Speaking in Sydney, Avoca Investment Management's managing director, John Campbell, said the heightened "cross sectional volatility" among Australian stocks is down to the dominance of quantitative ('quant') investment strategies.
"When I first started out in investment markets, most of the big investors in Australia – such as AMP and National Mutual – were fundamental investors," Mr Campbell said.
"They looked at stocks and tried to work out what the growth potential was. Then, they applied an appropriate multiple and decided whether they would buy it or sell it."
Today, that style of investment is "completely out of the window", he said – with fundamental managers like Avoca "few and far between".
As a result of the dominant quant approach to investing, some of the "meteorically priced" defensive growth stocks on the ASX200 were de-rated during the recent reporting season, Mr Campbell said.
"You can survive on momentum for so long, but eventually every asset in the world has to come back to its fundamental value," he said.
Secondly, momentum-based investment strategies have created cross-sectional volatility in the Australian stock market, Mr Campbell said.
"With momentum being a very dominant style, as long as a stock keeps delivering, quants keeps buying.
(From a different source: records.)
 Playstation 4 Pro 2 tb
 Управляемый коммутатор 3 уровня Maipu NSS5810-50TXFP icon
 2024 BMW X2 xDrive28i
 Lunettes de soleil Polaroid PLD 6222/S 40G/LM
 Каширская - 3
But the minute a stock stops delivering – and it might only be for one reporting period – the quant signal is sell, exit, get out," he said.
"Because quant is a very dominant money management style, that also leads to very heightened volatility across stocks," he added.
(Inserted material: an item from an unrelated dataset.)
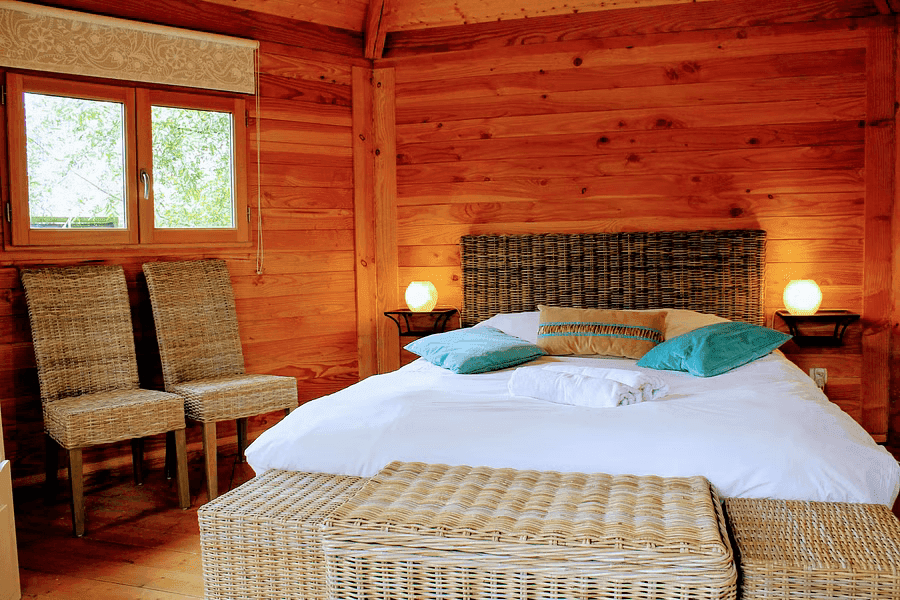 La Borde Family Ecolodge 8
That volatility, however, creates opportunities for the likes of Avoca, Mr Campbell said.
"Quality names being thrown out at bargain basement prices is great news for us, as is 'okay' names that are being bid up to insane prices," he said.
Nevertheless, while quant is the dominant investment style today, this cannot last forever.
"If the whole world goes quant momentum, it doesn’t work. I think it ultimately has to lead to a resurgence of old-fashioned fundamental investors, of which we are one," Mr Campbell said.